Decision vs default is something I’ve been thinking a lot about lately in data science practise. It’s easy to stick with what we know and do well, rather than push our own boundaries. That’s pretty typical for life in general, but in data science it comes at the expense of defaulting to our norms instead of making a decision. That leads to less-than-optimal outcomes.
One way this can manifest is to default to the models and methods we know best. If you’re a machine learning aficionado, then you tend to use machine learning tools to solve your problems. Likewise, if you’re an econometrician by training, you may default to explicit model build and testing regimes. Playing to our strengths isn’t a bad thing.
When it comes to model construction, both methods have their good points.
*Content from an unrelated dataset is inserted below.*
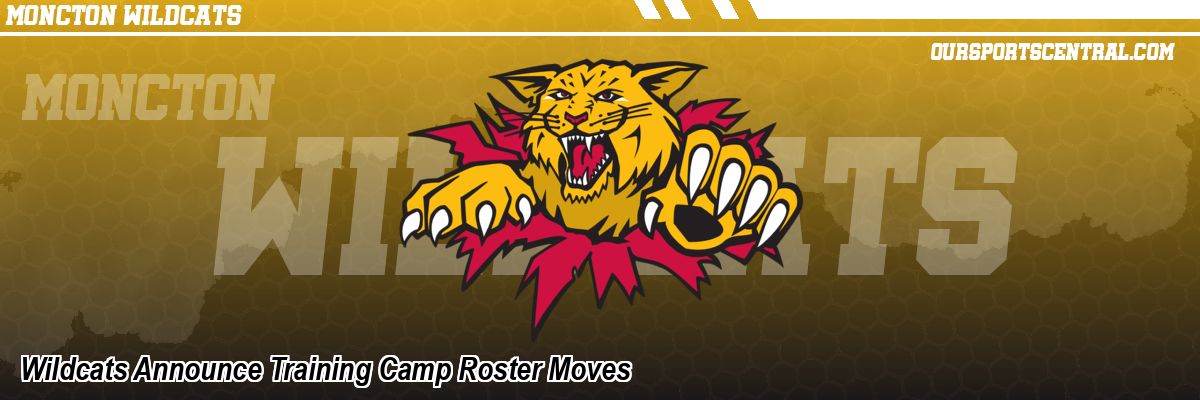 Wildcats Announce Training Camp Roster Moves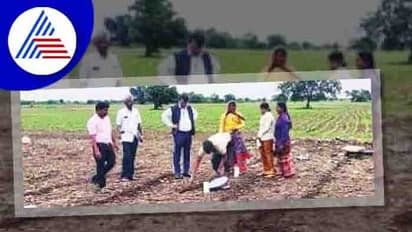 ಬದುವಿನಲ್ಲಿ ಹುಲ್ಲು ಇದ್ದರೆ ಶಂಖದ ಹುಳು ನಿಯಂತ್ರಣ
But the best outcome is when you make the decision to use one or the other in the knowledge that you have options, not because you defaulted to the familiar.
Explicit model build and testing is a useful methodology if explanation of your model matters. If your stakeholder needs to know why, not just what. These models are built with a priori assumptions about causation, relationships and functional forms. They require a reasonable level of domain knowledge and the model may be built out of many iterations of testing and experimenting. Typically, I use the Campos (2006) general to specific method: but not after extensive data analysis that informs my views on interactions, polynomial and other transformative inputs and so on. In this regime, predictive power comes from a combination of domain knowledge, statistical methodologies and a canny understanding of your data.
Machine learning methodologies on the other hand are useful if you need lots of models, in real time and you want them more for prediction, not explanation. Machine learning methodologies that use techniques like Lasso or Ridge regression let the algorithm guide feature selection to a greater degree than in the explicit model build methods. Domain knowledge still matters: interactions, the decisions regarding polynomial inputs and so on still have to be explicitly constructed in many cases. Causation may not be obvious.
Neither machine learning or statistical modelling is better in all scenarios. Either may perform substantially better in some, depending on what your performance metric is. But make your decision knowing you have options. Don’t default and abdicate to an algorithm.